Retired vice-admiral Mark Norman agreed. Even naval exercises to support freedom of navigation in international waters are conducted with “transparency” and co-ordinated with allies, he said.
In this case, the U.S. is “not looking for any kind of global community support. They’re doing what they believe is in their best interest,” said Norman.
And there are “no standing mechanisms or treaty arrangements or anything else that would draw us into that,” he added. “We have an interest in the outcome, but we don’t have a vested interest in the outcome to the extent that we would voluntarily get involved.”

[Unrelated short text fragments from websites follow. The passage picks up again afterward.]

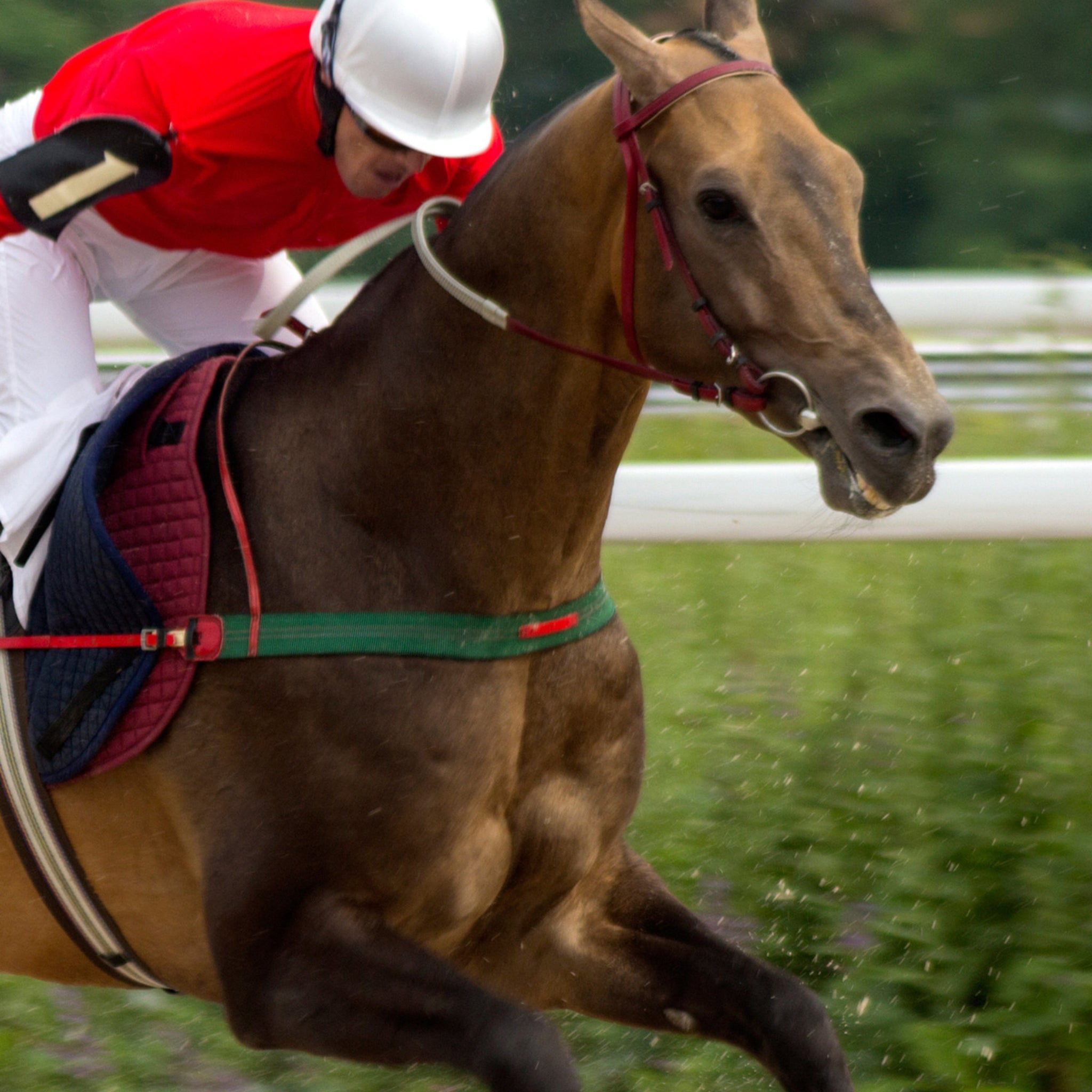 horse racing dress code for ladies What to Wear to Horse Races: Fashion Guide & Outfit Ideas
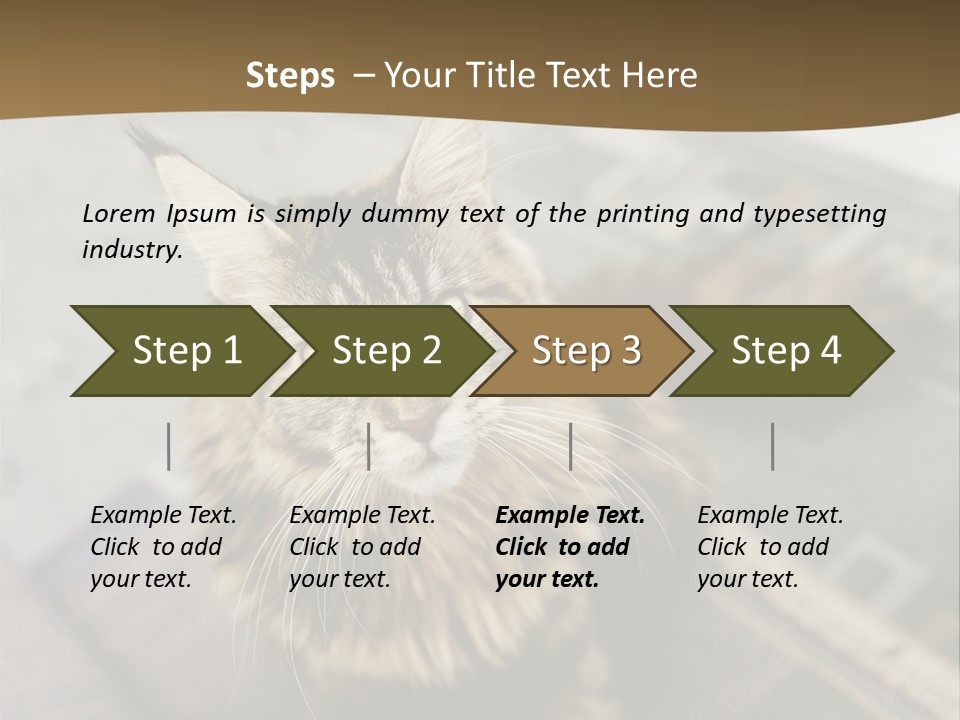 A Cat Sitting On Top Of A Rug In A Room PowerPoint Template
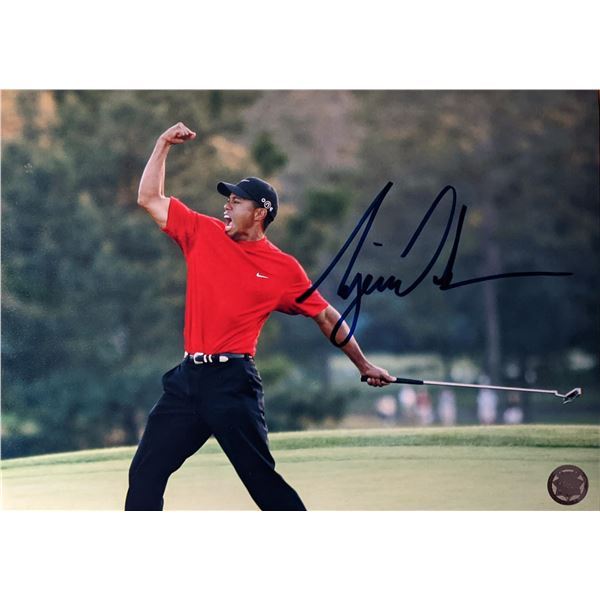 Tiger Woods Signed Photo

“Let’s make no mistake, there was no imminent threat from Iran,” said Amir Saeid Iravani, Iranian Ambassador to the United Nations. “Our nuclear program is exclusively peaceful. We were engaged in serious diplomatic negotiations. For the second time, the United States chose force our diplomacy and violated the (UN) charter.”
“There are no legal grounds that justified this attack. The so-called preemptive attack has no basis in international law,” he said.
Iravani said 165 schoolgirls died in an attack on a site in southern Iran, where a school located next to a military site was destroyed, and “several hundred” children and civilians died in other cities, with the total number of casualties still unverified. “These acts constitute aggression. They constitute war crimes. They constitute crimes against humanity.”
The Iranian ambassador said foreign countries must not allow the U.S. to use their countries’ bases and assets to launch attacks, saying Iran is acting in self-defence. “Iran does not seek war, Iran does not seek escalation,” he said, but will not surrender its sovereignty.